Greenland and Iceland seek closer cooperation | Polarjournal
Economically, the two islands are further apart than geographically. Nevertheless, they are both closely intertwined and a free trade agreement would benefit both Arctic nations. Image: Michael Wenger via Google Earth

As Arctic nations, Iceland and Greenland have both become very much the focus of a world whose interest is focused on the Arctic for a variety of reasons. Traditionally, the relations between the two islands are very good and stable. However, in view of the increased international interest as well as common threats from climate change, political situations due to their own position, closer cooperation would be appropriate. Last week, Iceland’s Prime Minister Katrín Jakobsdottír visited the Greenlandic head of government Muté B. Egede.

After 24 years, it was once again time to pay a visit to the larger neighbor in terms of area and to reaffirm the traditionally good relations between Iceland and Greenland.
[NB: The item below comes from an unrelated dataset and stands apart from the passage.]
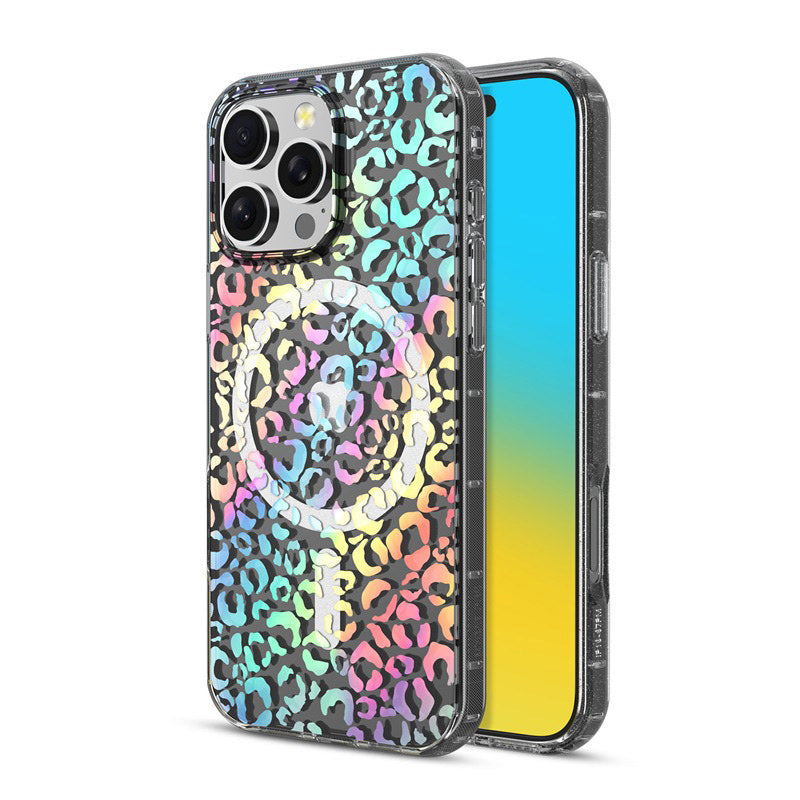 MYBAT Pro Mood MagSafe Case for Apple iPhone 16 Pro
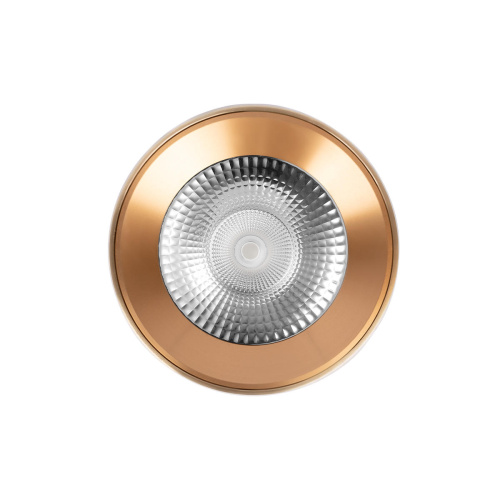 Встраиваемый светильник Loft IT Bar 10345 Gold Встраиваемый светильник Loft IT Bar 10345 Gold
During a total of three days Prime Minister Jakobsdottír stayed in Nuuk and discussed various aspects of Iceland-Greenland relations with her head of government Egede. At the concluding press conference, both sides made it clear that the visit was only the starting signal for a new and closer cooperation between Iceland and Greenland and that they had to discuss further concrete plans. It was stated that they want to cooperate mainly in the areas of economy, tourism, environment, energy and gender issues and are now working out the details. Prime Minister Jakobsdottír also visited the University of Greenland Ilisimatusarfik, where she met with Naaja Nathanielsen, Minister of Justice, Natural Resources and Gender Equality, and discussed the topic of gender equality. Iceland’s Prime Minister Jakobsdottír also invited Muté B. Egede to Iceland.
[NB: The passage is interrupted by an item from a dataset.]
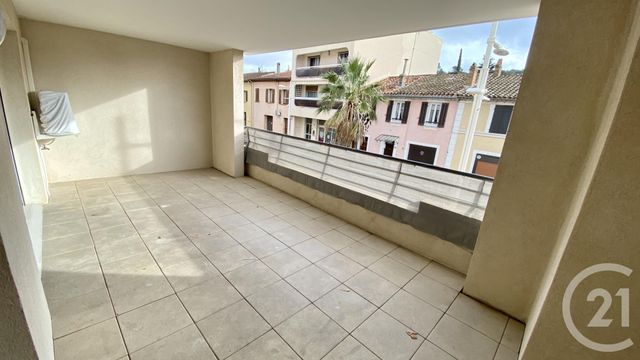 appartement - LE PRADET - 83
On the economic side, a free trade agreement is a priority for both Greenland, which is larger in terms of natural resources, and Iceland, which is economically stronger. This is because Iceland is a hugely important trading partner for Greenland, resulting in trade growth of around 67 percent over the past five years. Especially in the fisheries sector, which is the most important industry in Greenland and also an important share of GDP in Iceland, the figures have been increasing for years. And since Greenland wants to broaden its trade relations internationally, a free trade agreement would be a win-win situation for both sides. But the two countries also want to cooperate more closely in the field of tourism. As a hub for flights, Iceland is now an important stopover for tourists to Greenland. But they want to learn even more from each other, especially in the areas of “sustainability” and “environmental compatibility”, to avoid the mistakes of the past and to ensure that the local population can derive maximum benefit from the lucrative nature and cultural tourism.
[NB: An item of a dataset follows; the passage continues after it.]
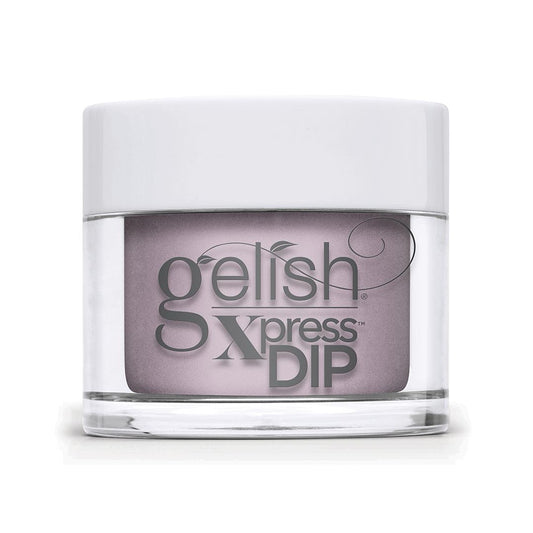 Gelish Xpress Dip Powder - I Lilac What I'm Seeing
The University of Greenland in Nuuk is the only such educational institution on the island. Around 750 students are enrolled here, with courses of study that are especially important for Greenland, such as health, economics, culture, language and history. Image: Sowwiki – Own work, CC BY-SA 3.0

In addition to talks on business and tourism, Iceland and Greenland also want to cooperate more in the areas of research and education. This makes a lot of sense, especially in terms of closer cooperation in the tourism sector, since both countries are very dependent on nature and the corresponding nature tourism, and at the same time are much more affected by climate change than many other nations. The aim is also to explore the possibilities of a more sustainable and environmentally friendly energy supply for the Greenlandic population, something in which Iceland already has a great deal of experience. The two countries also want to cooperate even more closely in the area of gender equality. Because Iceland is one of the countries with the highest equality rate between men and women on the international average, from which Greenland can definitely benefit even more, the corresponding Minister Nathanielsen is convinced. This will probably allow Greenland to shape its future even better, all thanks to its geographically smaller neighbor.